DOI: http://doi.org/10.7148/2024
ISSN: 2522-2422 (ONLINE)
ISSN: 2522-2414 (PRINT)
ISSN: 2522-2430 (CD-ROM)
ISBN: 978-3-937436-84-5
ISBN: 978-3-937436-83-8 (CD) Communications of the ECMS Volume 38, Issue 1, June 2024, Cracow, Poland June 4th – June 7th, 2024
DOI:
https://doi.org/10.7148/2024-0569
Citation format:
Tomasz machalewski, Marcin szymanek, Adam czubak, Tomasz turba (2024). EXPRESSING IMPACT OF VULNERABILITIES: AN EXPERT-FILLED DATASET AND VECTOR CHANGER FRAMEWORK FOR MODELLING MULTISTAGE ATTACKS, BASED ON CVE, CVSS and CWE, ECMS 2024, Proceedings Edited by: Daniel Grzonka, Natalia Rylko, Grazyna Suchacka, Vladimir Mityushev, European Council for Modelling and Simulation. doi:10.7148/2024-0569
Abstract:
In this work we focus on measuring and attributing impacts to vulnerabilities.

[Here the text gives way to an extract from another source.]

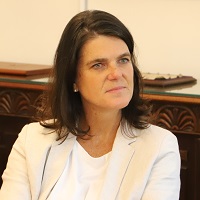 Imagen de la noticia: Universidad Gabriela Mistral entregó medalla “40 Años UGM” a su egresada de Ingeniería Comercial, Bettina Horst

We do it in a two-fold way. First, we introduce a concept of Vector Changer – a CVSS-based measure of how successful exploitation of a vulnerability could lead to usage of consecutive vulnerabilities. The consecutive nature being crucial for analysis of multi-stage attacks and creation of attack graphs. Secondly, we present an expert-filled dataset containing CVE-attributed: Technical Impacts, CVSS and Vector Changer. The dataset contains data for 22 CVEs, each filled separately by three experts (66 CVE datapoints total). Each vulnerability has been assessed on four increasing levels of information availability. Finally, we present a lookup table that enables easy attribution of Vector Changers to vulnerabilities. We present initial findings for our dataset and efficiency of our lookup table in respect to the formulated dataset.